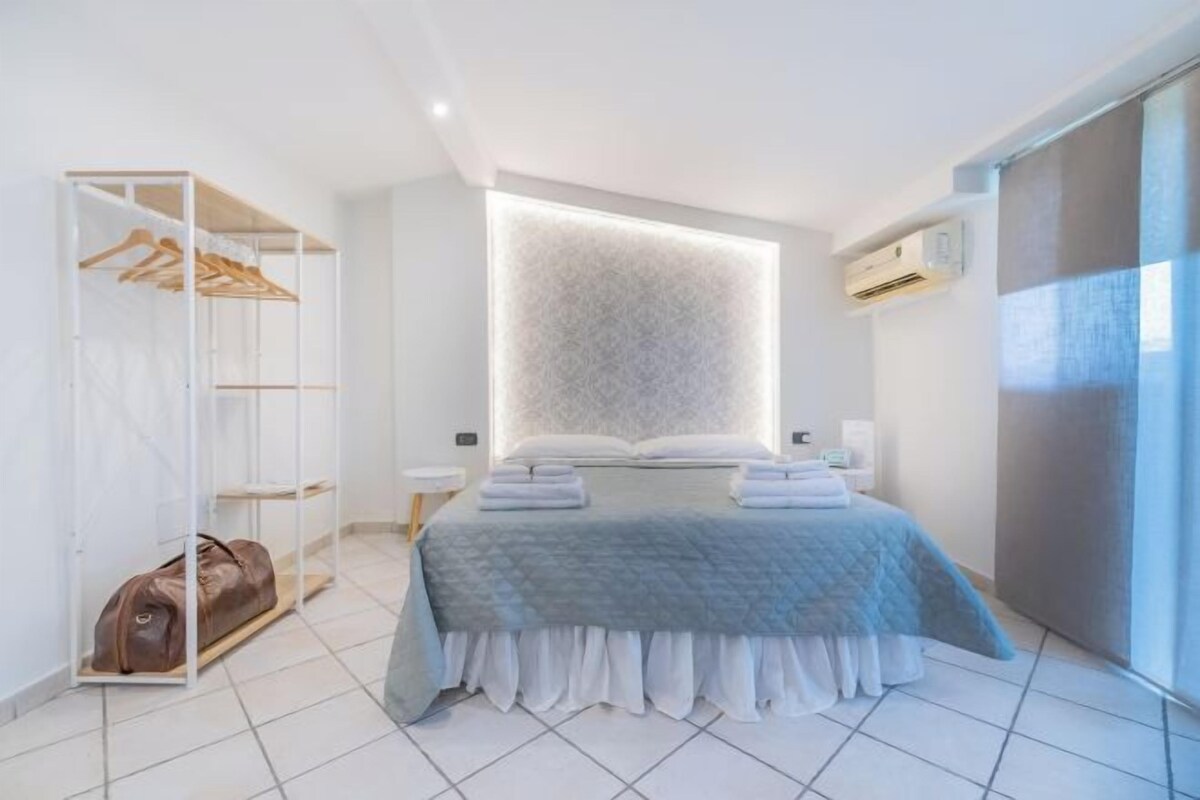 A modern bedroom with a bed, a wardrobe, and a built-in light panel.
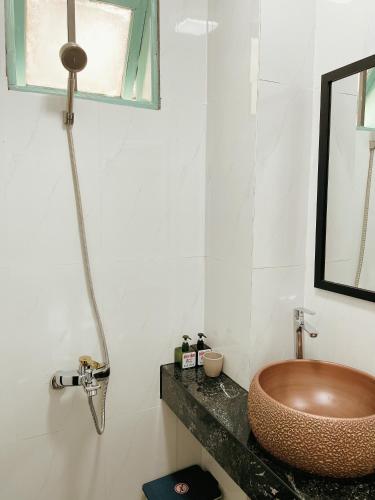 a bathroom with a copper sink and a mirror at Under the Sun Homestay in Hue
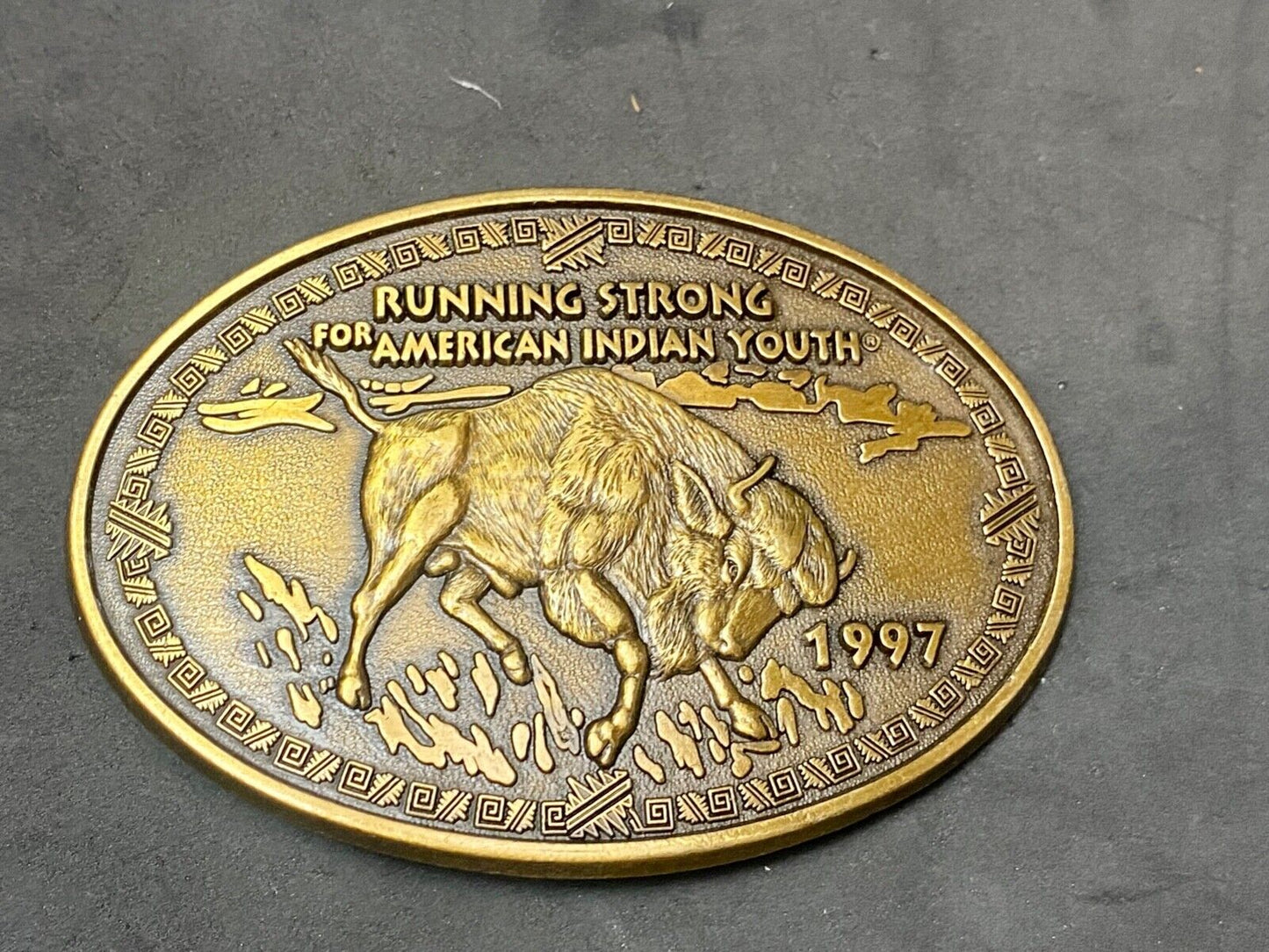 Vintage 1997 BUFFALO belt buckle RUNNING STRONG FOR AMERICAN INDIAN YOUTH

§ What is required: Repeat all of the material above exactly, leaving out pictures.

§ Problem solution:
 A modern bedroom with a bed, a wardrobe, and a built-in light panel.
 a bathroom with a copper sink and a mirror at Under the Sun Homestay in Hue
 Vintage 1997 BUFFALO belt buckle RUNNING STRONG FOR AMERICAN INDIAN YOUTH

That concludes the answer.